Material provided:

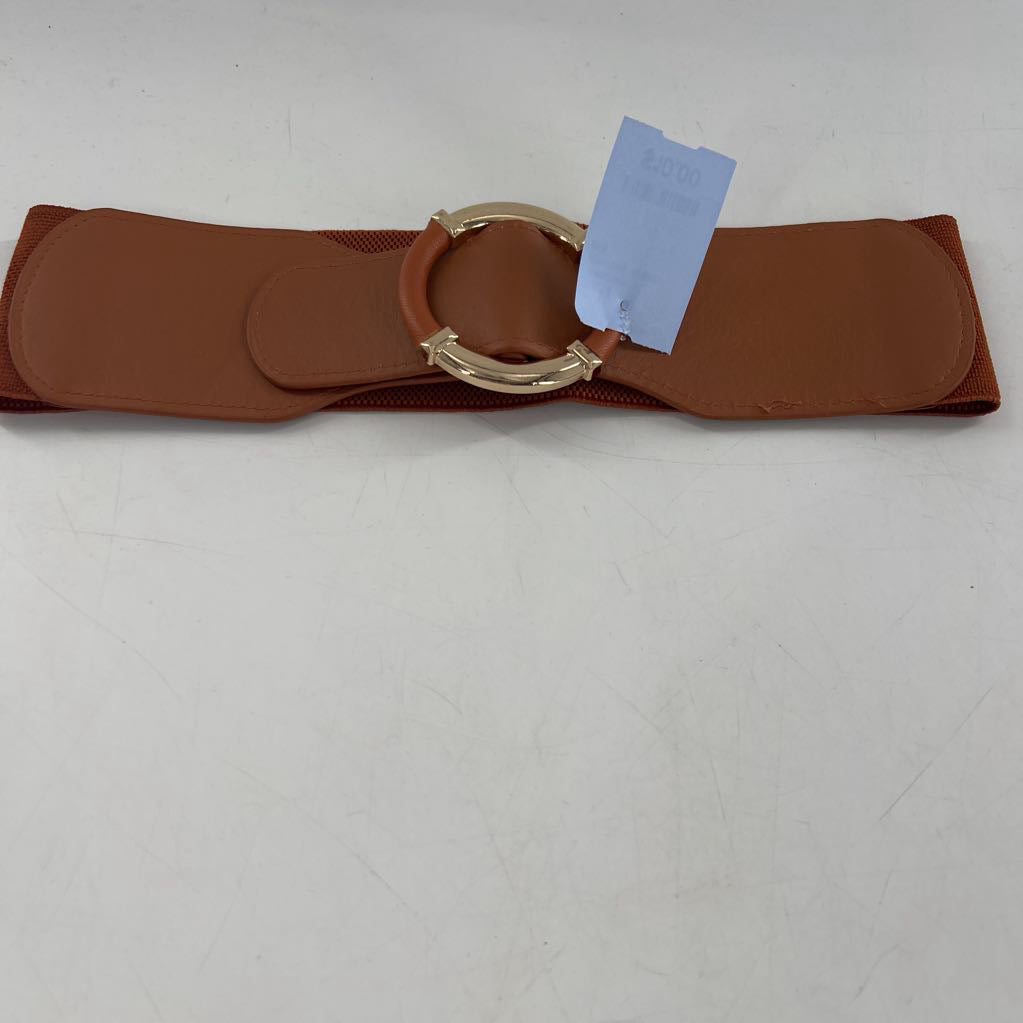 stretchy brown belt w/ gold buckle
...
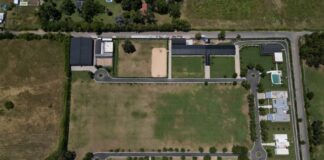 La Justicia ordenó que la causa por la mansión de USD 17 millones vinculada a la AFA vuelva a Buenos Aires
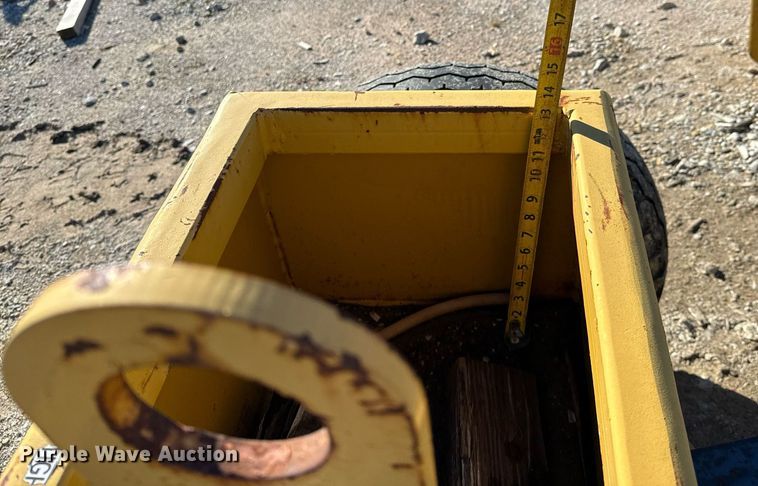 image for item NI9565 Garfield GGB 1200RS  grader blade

Requirement: From the listing above, please give again the lines that begin with the line holding "La Justicia ordenó" and go on through the line holding "image for item", exactly, both ends included, minus any picture.

Output of the task:
 La Justicia ordenó que la causa por la mansión de USD 17 millones vinculada a la AFA vuelva a Buenos Aires
 image for item NI9565 Garfield GGB 1200RS  grader blade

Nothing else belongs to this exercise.